Die Regie hat wieder Wolfgang Reithermann übernommen, gebürtiger Münchner und seit 101 Dalmatiner Haus-Regisseur der „Meisterwerke“-Serie, nachdem er in den 1950er Jahren sein Handwerk an einzelnen Charakteren in den füheren Disney-Filmen zur Reife gebracht hat. Reithermann hat Sinn für Effizienz, übernimmt ungeniert bestehende Animationen aus seinen früheren Filmen und setzt die aktuellen Charaktere drüber: Little John tanzt mit Lady Kluck – das ist 1:1 Balus Tanz mit King Louie aus dem Dschungelbuch. Überhaupt ist Little John, auch ein Bär, ein sehr enger Verwandter des gemütlichen Balu. Ein Hase aus Skippys Familie spielt Schlagzeug – das ist nahezu framegenau identisch mit der Siamkatze aus Aristocats. Auch Robin und Marian tanzen die Bewegungen nach, die O'Malley und Duchess vorgemacht haben. In dem zischelnden Sir Hiss lerlebt die Boa Kaa aus dem Dschungelbuch ihre Auferstehung (wenn auch als kleineres Exemplar).

Die Post-Walt-Disney-Ära hat begonnen

Die Disney-Filme haben immer auch bestochen durch eine Disziplin, die auf den ersten Blick nicht auffällt: Die aufwändig animierten Figuren brauchen Stimmen. Meistens holt sich Disney britische Talente vors Mikrofon – wenn echter US-Slang erklingt, dann meist bei den Straßentieren wie O'Malley oder Strolch. Manche Stimme wurde durch die Synchronarbeit prominent; Edgar Ott zum Beispiel wurde als deutscher Balu unsterblich. In diesem ersten Film, der ganz ohne den direkten Einfluss des 1966 verstorbenen Walt Disney entstanden ist, taucht erstmals eine Synchronstimme auf, die schon vorher berühmt war: Peter Ustinov („Hammersmith ist raus“ – 1972; „Die Stunde der Komödianten“ – 1967; „Topkapi“ – 1964; „Spartacus“ – 1960; „Wir sind keine Engel“ – 1955; „Quo Vadis“ – 1951) spricht Prinz John (und König Richard).

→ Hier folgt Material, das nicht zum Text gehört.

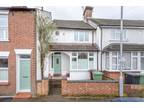 4 bedroom terraced house for sale in Sandridge Road, St. Albans, Hertfordshire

Das muss ihm einen höllischen Spaß gemacht haben. Ustinov wirft sich mit Verve in die Boshaftigkeit des Usurpators und in die Dämlichkeit des Daumen lutschenden Muttersöhnchens. Er synchronisiert John auch in der deutschen Synchronfassung – auch da mit Lust und Genie.

Man darf vermuten, dass Walt Disney die düstere Tonalität des geknechteten Volks abgemildert hätte. Legendär sein Einfluss auf das Dschungelbuch, das er von einem düsteren Entwurf zu einem fröhlichen Singspiel umbauen ließ. Bislang schien es unvereinbar, das Elend unterdrückter Untertanen und der bunte Zeichentrick. in „Robin Hood“ gelingt das sehr gut, gibt dem – immer noch – fröhlichen Film die nötige Tiefe, mit der man dann auch eine echte Geschichte erzählen kann. So markiert „Robin Hood“ nicht nur den Beginn der Ära nach Walt Disney. Er markiert möglicherweise eine Zeitenwende im Disney-Zeichentrick. Die Zeit der Filme mit harmlosen, vom Prinzen träumenden Prinzessinnen, die Zeit sülicher Romantik geht zu Ende; die neuen Herren im Disney-Imperium wollen Abenteuer, Drama – und süße Figuren.